You pray continually. You know you are completely incapable of doing this mom task on your own. You become utterly dependent upon the Lord. So many difficulties and struggles have come along in raising this child. And yet, the joys, the blessings and the rewards are what keep you going. The struggles are worth it. The little moments on the couch reading together, tucking them in at night, the giggles and the fun seem to drown out the long, difficult days of struggles you experience as a mom.
Your role begins to change
Your child has grown now. You see the maturity happening before your eyes. You head turns thinking your husband is in the room and realize it is your son. How could that be? Your daughter resembles a young woman, not the little girl you almost forget she used to be.
You know that time is coming when your role as mom will change.
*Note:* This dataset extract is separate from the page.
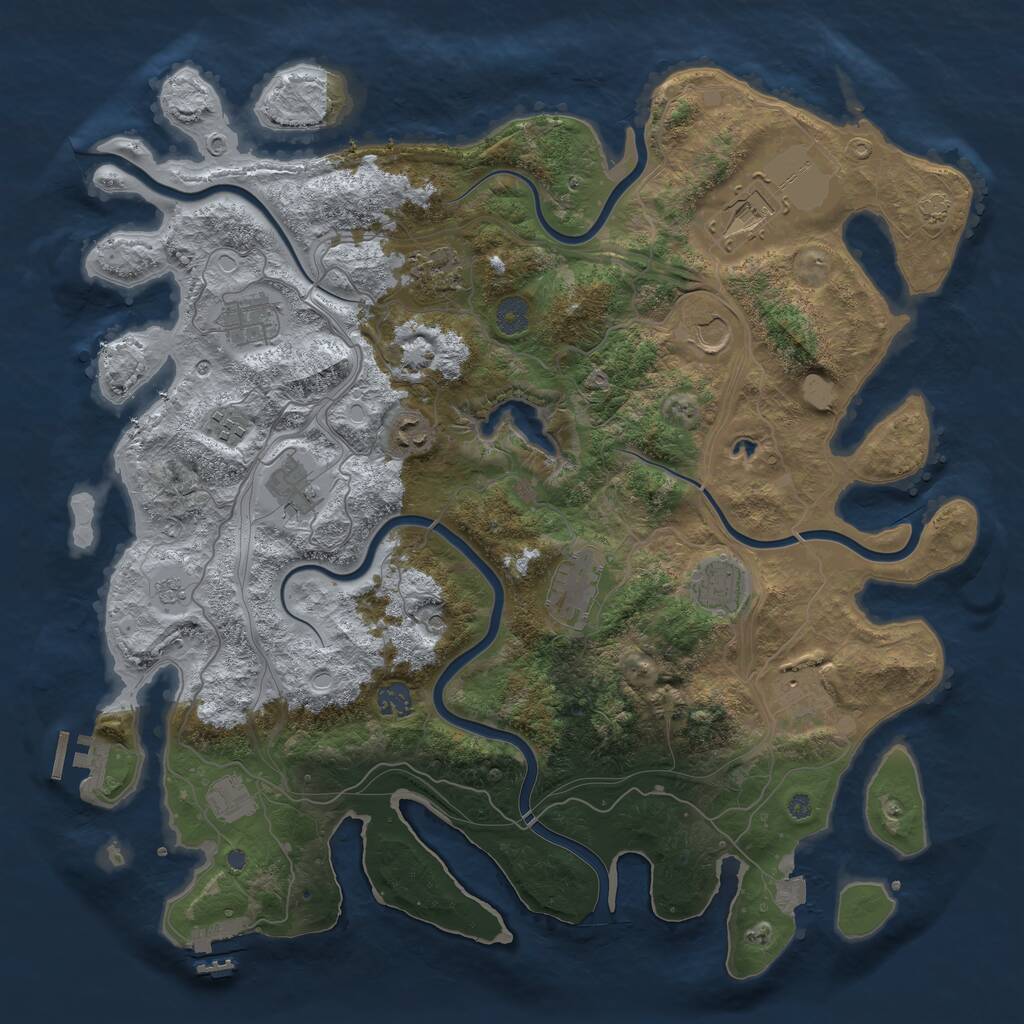 Rust Map: Procedural Map, Size: 4250, Seed: 2021257728, 17 Monuments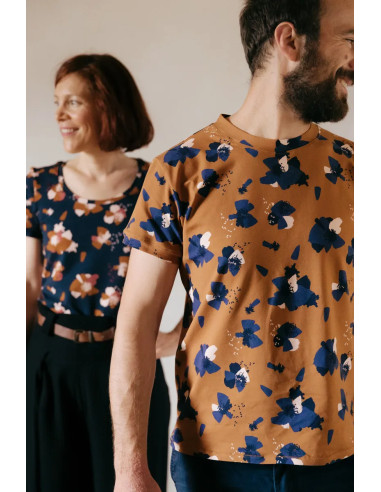Tecido jersey de algodão Anémona Camel - Églantine & Zoé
Your child will be grown and no longer living under your roof. It will be time to let go.
The praying will continue. You long for your child to follow the path you prayed for them to take. It is out of your control now.
Dependance on the Lord never became more important than when your child leaves the nest. You wonder, “Did I do enough? Did I do too much? Do they know what to do now?” The questions, concerns, and the worry never end. But the answer remains the same, pray.
You are who they call “mom”. You’ve sacrificed, you’ve loved, you’ve cried, you’ve prayed, you’ve done your best, and sometimes failed, but you’ve gotten back at it again. You’ve refocused and pressed on.